» INFORMATION SUPPLIED:
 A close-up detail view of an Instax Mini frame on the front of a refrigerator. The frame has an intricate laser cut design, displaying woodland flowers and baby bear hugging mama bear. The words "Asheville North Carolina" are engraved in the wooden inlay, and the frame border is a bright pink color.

* * *

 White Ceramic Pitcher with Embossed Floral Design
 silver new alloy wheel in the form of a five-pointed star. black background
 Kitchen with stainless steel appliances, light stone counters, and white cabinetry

---

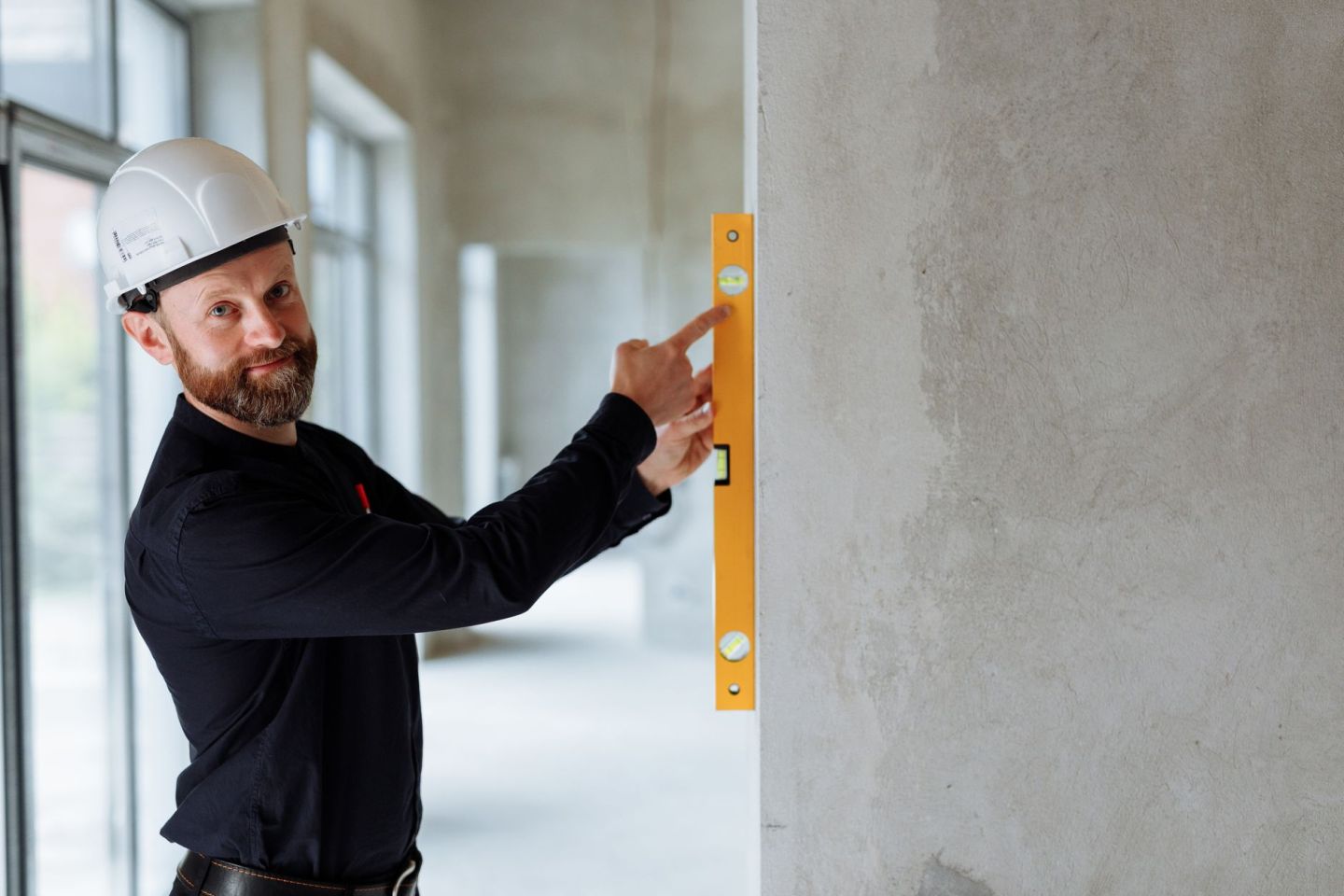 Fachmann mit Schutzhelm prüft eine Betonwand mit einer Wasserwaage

» WORK REQUIRED:
Using only the entries above, output the line with "silver new alloy", the line with "Kitchen with stainless", and all lines between them, exactly as they stand.

» SOLUTION TO THIS EXERCISE:
 silver new alloy wheel in the form of a five-pointed star. black background
 Kitchen with stainless steel appliances, light stone counters, and white cabinetry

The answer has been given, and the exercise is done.